Cytology is considered the method of choice for detection of B-cell neoplasms in the cerebrospinal fluid, but 2 small studies have shown flow cytometry can increase detection sensitivity when combined with cytology.^10,20  In these 2 studies of 10 and 9 positive cases, respectively, 3 cases each were detected by flow cytometry alone with the remaining cases also detected by cytology. In the present study, however, 10 of 11 cases from newly diagnosed patients were detected by flow cytometry alone, indicating that cytology is inadequate for cerebrospinal fluid staging of newly diagnosed aggressive B-cell lymphomas. The higher rate of concordance between cytology and flow cytometry in the 2 published studies almost certainly reflects the clinical practice of sampling cerebrospinal fluid in symptomatic patients and not for staging purposes. In the former setting, the tumor cell concentration will be relatively high and, hence, usually detectable by both cytology and flow cytometry, as we found in our relapsed/treated patients.

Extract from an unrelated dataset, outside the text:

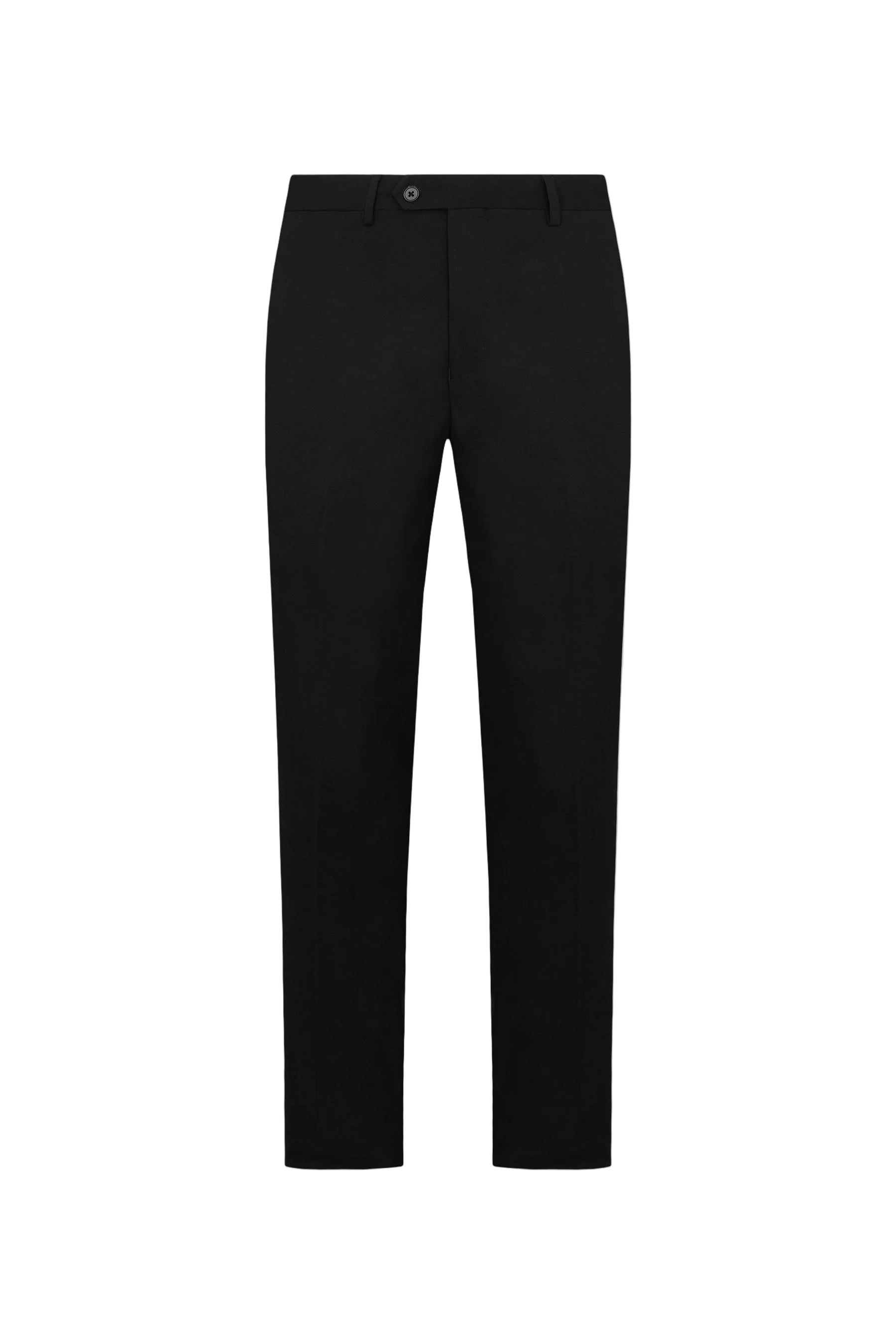 Black tailored pants with a flat front, belt loops, and a single dark button closure at the waist.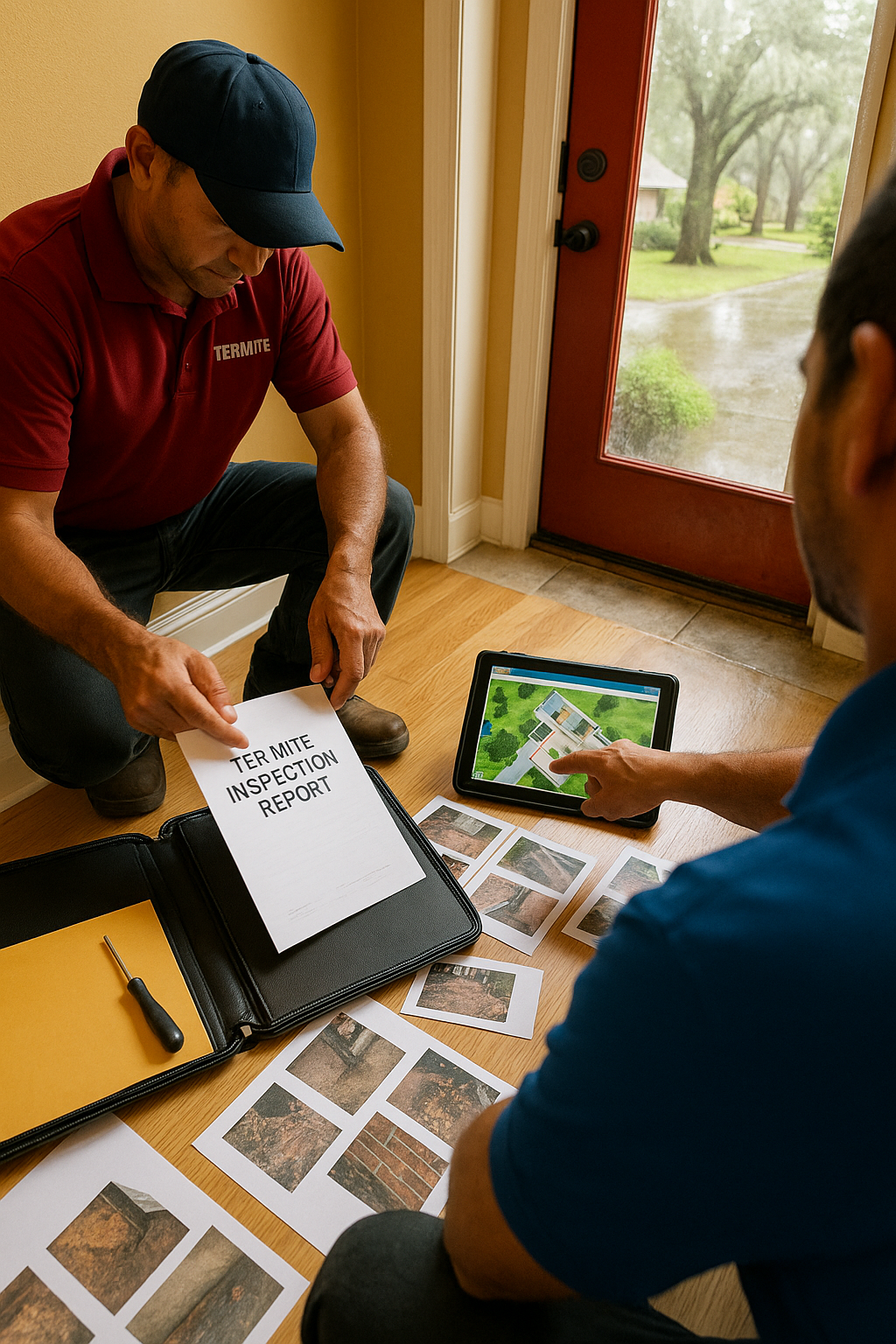 AI search snapshot: Termite inspection before a home closing in Mobile AL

These results raise important questions regarding the optimal management of patients at increased risk for central nervous system involvement by aggressive B-cell lymphoma. The phenomenon of central nervous system involvement by diffuse large B-cell lymphomas is incontrovertible and is clinically observed in 5% of unselected patients and 8% of high-risk patients who do not receive central nervous system–penetrating agents.^1,3,22  In a recent randomized study of CHOP (doxorubicin, cyclophosphamide, vincristine, and prednisone) versus ACVBP (doxorubicin, cyclophosphamide, vindesine, bleomycin, and prednisone) in poor-prognosis aggressive lymphomas, for example, the absence of central nervous system–penetrating agents in the CHOP arm resulted in a significantly increased incidence of central nervous system disease, suggesting that central nervous system–directed therapy can reduce central nervous system failures.³  Because most patients have little if any risk of central nervous system involvement, prophylaxis should be confined to those at increased risk. Clinically, both our results and those by van Besien et al indicate that the presence of multiple extranodal sites is the best clinical surrogate of risk and should be used to select patients for central nervous system prophylaxis. Alternatively, prophylaxis could be based on the presence of cerebrospinal fluid involvement by flow cytometry at initial staging, which our results suggest can identify most patients at risk. This, however, requires further study, because 3 patients with a negative flow cytometry on initial staging ultimately developed central nervous system lymphoma. Notably, despite active treatment, 5 of 9 patients progressed in the central nervous system, reinforcing the need for more effective therapy.

It is likely that as the treatment of aggressive B-cell lymphomas improves, the impact of central nervous system involvement on overall treatment failure will rise, as seen when the treatment of acute lymphocytic leukemia improved.²³  Knowledge of cerebrospinal fluid involvement early in the disease course will allow more rational approaches and will, it is hoped, improve outcome. Indeed, early results with intrathecal rituximab suggest it may represent an important step in the treatment of this sanctuary site.²⁴  We feel it is important to study this question in clinical trials and that, presently, patients at increased risk for central nervous system involvement by aggressive B-cell lymphoma as defined by at least 2 extranodal disease sites or bone marrow involvement undergo staging evaluation of the cerebrospinal fluid by flow cytometry and cytology.